Simple Ways Schools Find Time to Work Together
In Learning by Doing (DuFour, DuFour, Eaker, & Many, 2006), a suggested list is provided for finding time for teacher collaboration:
•Provide common preparation time.
Build the master schedule to give common preparation periods for teachers of the same course or department.
•Use parallel scheduling.
Schedule common preparation time by assigning specialists (specialty teachers, librarians, guidance counselors, etc.) to provide lessons to students across an entire grade level at the same time each day.
•Adjust start and end times.
Gain collaboration time by starting the work day early or extending the workday 1 day each week to gain collaborative team time. In exchange for adding time to the end of 1 workday, teachers get the time back on the end of that day.
•Share classes.
Combine students across two different grade levels or courses into one class for instruction.

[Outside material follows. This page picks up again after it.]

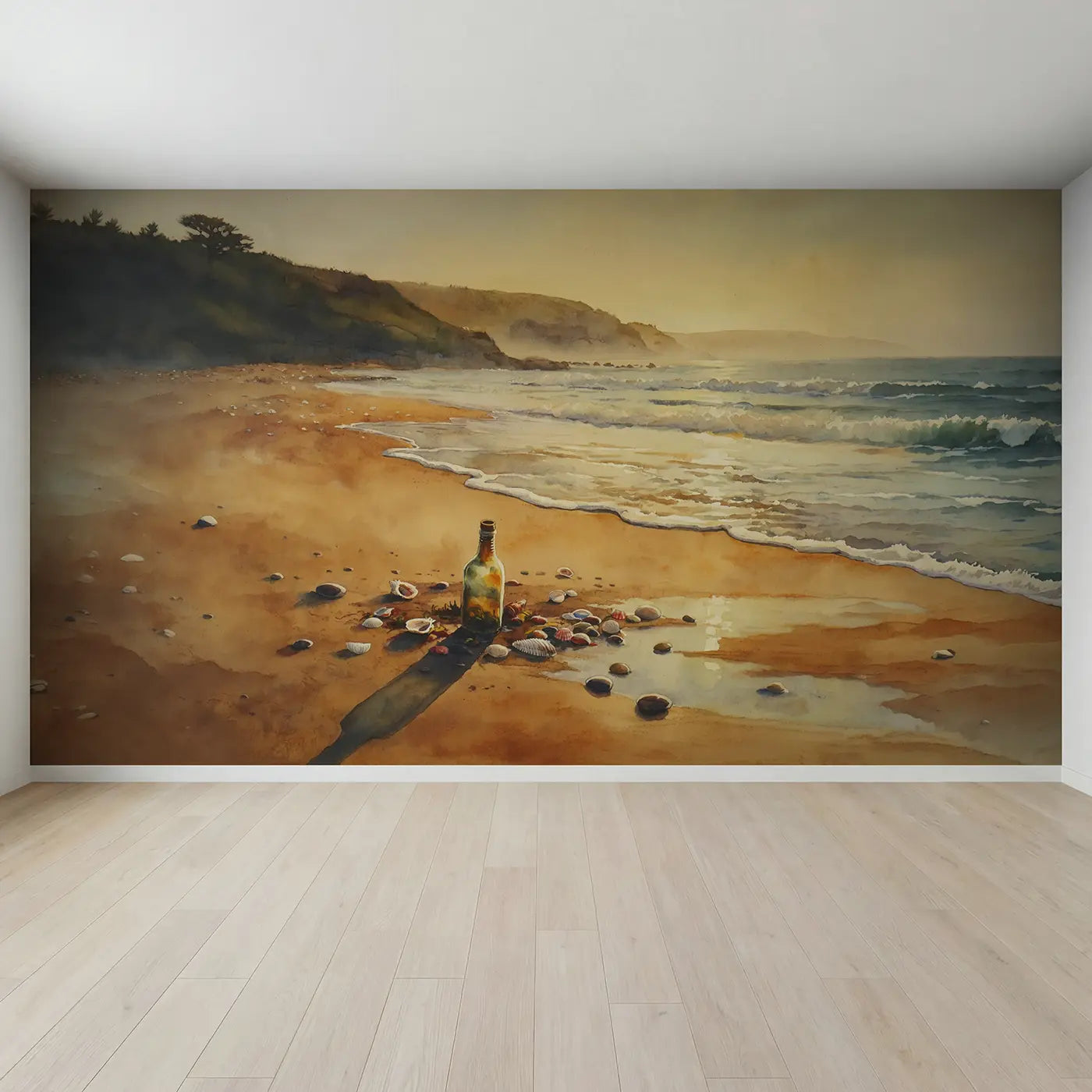 Full view of Message Bottle Shore Wallpaper Mural by Whimsy Tots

While one teacher or team instructs the students, the other team engages in collaborative work.
•Schedule group activities, events, and testing.
Non-teaching staff supervise students during times that require supervision rather than instructional expertise, while teachers collaborate.
•Bank time.
Over a designated period of days, extend the instructional minutes beyond the required school day. After you have banked the desired number of minutes, end the instructional day early to allow for faculty collaboration and student enrichment.
•Use in-service and faculty meeting time wisely.
Schedule extended time for teams to work together on staff development days and during faculty meeting time. (pp. 96-97)
Dearman and Alber (2005) listed options that Mississippi schools used to find time for teachers to study teaching and learning together:
• Grouping teachers whose students attend arts, music, physical education, and other special areas at the same time
• Grouping teachers by free periods
• Starting the school day 30 minutes later and having teachers arrive 30 minutes early one day a week to have 1 hour weekly for collaborative study (these teachers are provided release time as compensation for the extended day)
• Using trained assistant teachers and tutors in classrooms during study team times to implement whole-group strategies for fluency and comprehension
• Scheduling weekly reading camps by hiring and training a core of substitutes to conduct one-on-one reading tutorials until study teams begin meeting (during study teams the substitutes conduct whole-group strategies for fluency and comprehension)
• Amending school board policy to allow the early release of students one day a week.
• Using federal, state, local, or grant funds to buy time for faculties to study together (p. 637).